Il est temps, pour les humains, de réparer les dégâts et renverser le déclin de la biodiversité, a déclaré la directrice exécutive du Programme des Nations unies pour l’environnement, Inger Andersen.

«Nous ne pouvons pas nous permettre de continuer à nous frayer un chemin à travers le fragile réseau de la nature et de la biodiversité pour ouvrir la voie au développement humain. Les espèces, les écosystèmes et les avantages qu’ils procurent, dont nous dépendons tous, se dégradent et meurent lentement. La perte et la dégradation de la biodiversité ont un coût que nous mesurons non seulement en dollars, mais aussi en moyens de subsistance, faim, maladie, vulnérabilité, bien-être et décès», a indiqué Inger Andersen.

«Nous sommes les responsables de ça. Mais cette COP est notre chance de commencer à protéger et à réparer la toile de la vie», a-t-elle ajouté.

Des objectifs pour la prochaine décennie

Mary MacDonald, du Fonds mondial pour la nature Canada, souligne également que la COP15 pourrait fournir à la biodiversité ce que l’Accord de Paris a créé pour le changement climatique: des objectifs stricts pour la préservation de la nature.

Il faut, selon elle, que tous les pays reconnaissent qu’il faut que la nature se porte mieux en 2030 par rapport à aujourd’hui.

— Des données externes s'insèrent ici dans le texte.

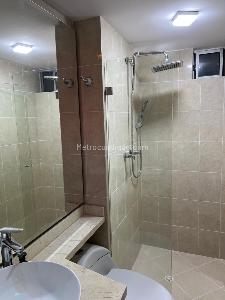 Apartamento en venta en Ciudad Jardin, Cali · foto 6 de 12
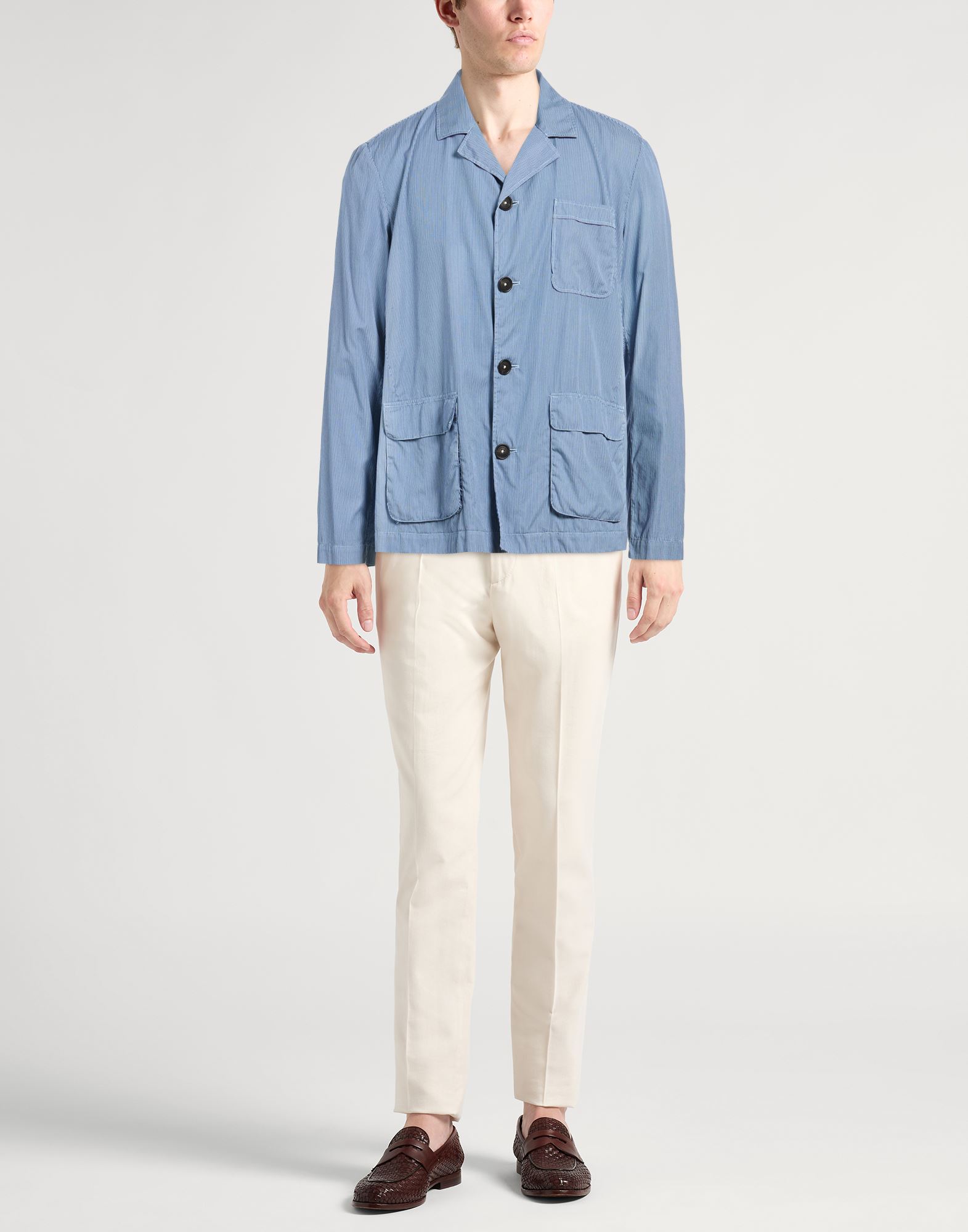  Massimo Alba - Tops - Hemden - On Yoox.com 
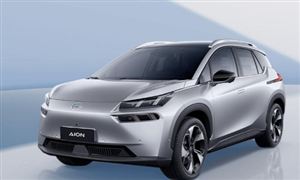 國(guó)內(nèi)新能源汽車行業(yè)持續(xù)高景氣 新能源汽車保險(xiǎn)行業(yè)潛力廣闊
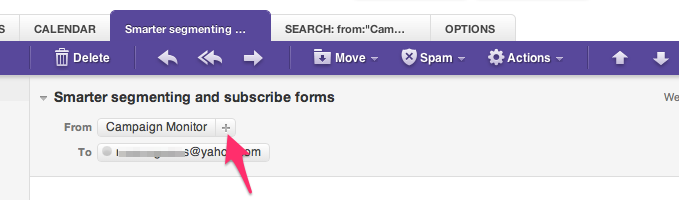 Yahoo Whitemail.png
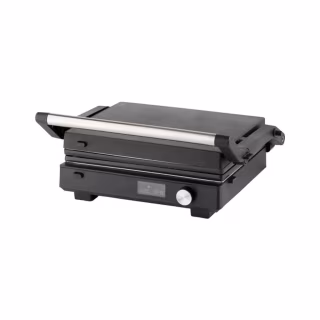 Електрогриль Gorenje GCG2000SD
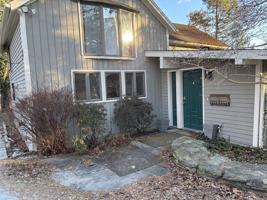 featured image of 101 Boston Post Rd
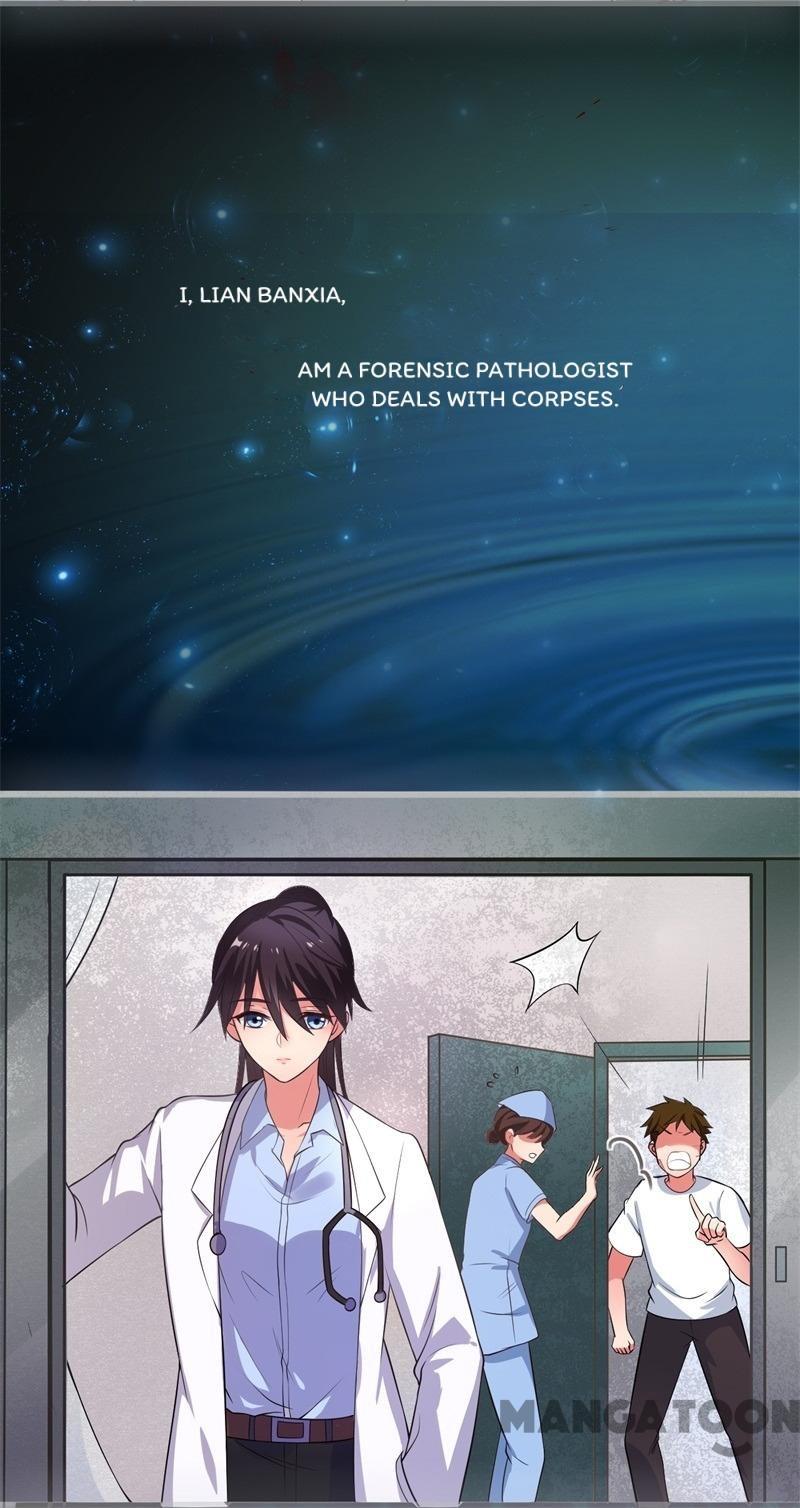 Page 3 of Chapter 1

Le ministre Guilbeault a indiqué que le Canada avait quatre objectifs principaux pour l’accord final: atteindre le seuil de 30 %, inverser la perte de biodiversité d’ici 2030, fournir de l’argent aux pays en développement pour leur permettre d’atteindre ces objectifs et veiller à ce que les peuples autochtones soient pleinement impliqués.

Le ministre Guilbeault reconnaît qu’il ne sera pas facile d’atteindre ces objectifs. Il a dit que le dernier projet de convention qu’il avait vu contenait 1200 points sur lesquels les négociateurs ne se sont pas entendus.

L’événement créera une petite ville à l’intérieur de Montréal pour les deux prochaines semaines, avec 17 000 participants inscrits et 900 journalistes accrédités pour couvrir leurs délibérations.

La conférence COP15 se poursuivra jusqu’au 19 décembre.